Eletto il 5 luglio 649, un primo fatto di rilievo, sul quale non esprimiamo giudizi, è la sua consacrazione: all’epoca per la consacrazione papale era ritenuta necessaria la ratifica imperiale. Martino non si attenne a questa regola, così procurando l’indignazione dell’imperatore Costante II, il quale dal canto suo si rifiutò di riconoscerlo come legittimo papa.
“Appena eletto convocò nel Laterano un imponente sinodo anti-monotelita; vi parteciparono centocinque vescovi occidentali, oltre a un gruppo di chierici greci esiliati, molto esperti del problema. Dopo una esauriente analisi di tutte le questioni, il sinodo affermò di credere che nel Cristo vi erano due volontà ed anatematizzò sia il monotelismo che – e in ciò dimostrò notevole coraggio – il Typos, recente editto di Costante che proibiva le discussioni sul numero delle volontà e delle attività esistenti nel Signore”, scrive John Kelly.
L’imperatore, per tutta risposta, inviò in Italia un suo uomo come esarca con l’ordine di arrestare Martino e portarlo a Costantinopoli. Il primo esarca fallì, il secondo esarca inviato successivamente (653) riuscì a fare prigioniero il pontefice ammalato e a consegnare al clero romano il decreto imperiale secondo cui Martino era divenuto papa illegalmente e veniva perciò deposto. Era il 17 giugno 653.

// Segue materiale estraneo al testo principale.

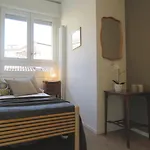 Santa Croce Apartamento *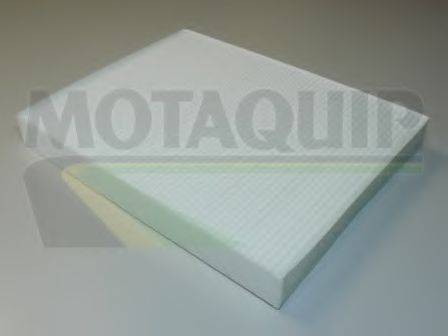 MOTAQUIP VCF339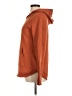 Tek Gear Orange Sweatshirt Size M - photo 5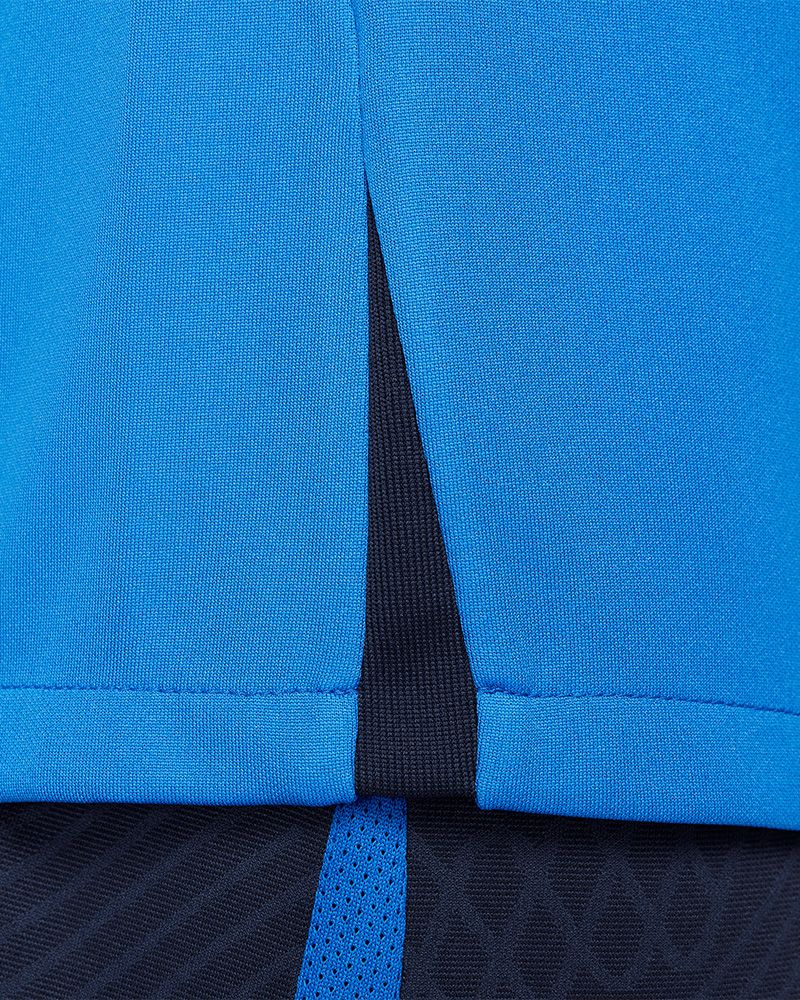 Maillot Nike Strike 23 pour homme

Papa Martino fu condotto in nave a Costantinopoli, un viaggio in cui lui, malato, fu oggetto di ogni sorta di maltrattamenti. Giunsero a Costantinopoli il 17 settembre 653. Per vari motivi, fu dichiarato colpevole, condannato a morte e fustigato pubblicamente. In seguito alla supplica del morente patriarca Paolo II la pena fu commutata in esilio.
Dopo cinque mesi trascorsi in prigione, in condizioni spaventose, abbandonato dalla Chiesa romana che anzi nel frattempo eleggeva il successore mentre Martino era ancora in vita, fu portato a Kherson, in Crimea, dove morì il 16 settembre 655. Fu sepolto là in una chiesa dedicata alla Madonna.

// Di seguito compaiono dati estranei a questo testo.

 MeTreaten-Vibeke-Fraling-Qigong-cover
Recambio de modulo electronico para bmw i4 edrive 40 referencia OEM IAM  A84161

La Chiesa romana, dopo averlo abbandonato, non tardò a venerarlo come martire – ultimo papa ad essere considerato tale – commemorandolo dal 1969 il 13 aprile.

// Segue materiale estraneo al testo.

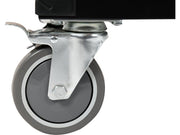 DULAP DE SCULE 6 SERTARE, STHOR, 302 PIESE STHOR 58550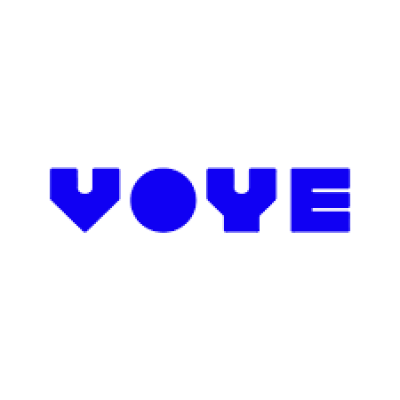 Voye Global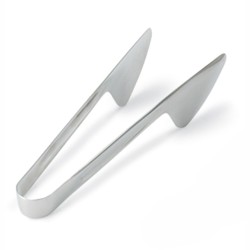 PUJADAS 46929 PINZA PASTELERÍA 20 CM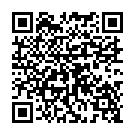 www.house-info.tw房屋網-尊邸-QRCode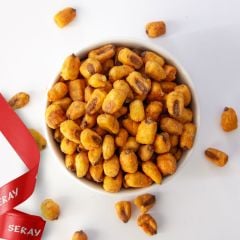 Soslu Mısır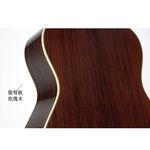 instrument, , large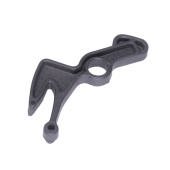 Changer 5204360-01 Changer 5204360-01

“La sua vicenda si configura come un capitolo dei complessi e travagliati rapporti teologico-politico-ecclesiastici tra Costantinopoli e Roma alla metà del VII secolo. Alla luce del suo svolgimento ed epilogo, questa storia dev’essere considerata il risultato di due processi storici che si sovrappongono ed interagiscono: da un lato, le ultime, grandi controversie cristologiche (dispute sul monoenergetismo e sul monotelismo); dall’altro, l’assioma dell’unità dell’Impero, un principio politico costantemente minacciato dai conflitti sugli orientamenti teologici e dagli scismi religiosi, soprattutto in un’epoca che non distingueva ancora tra questioni ecclesiastico-religiose e politico-statali” (Georg Jenal, Enciclopedia dei Papi).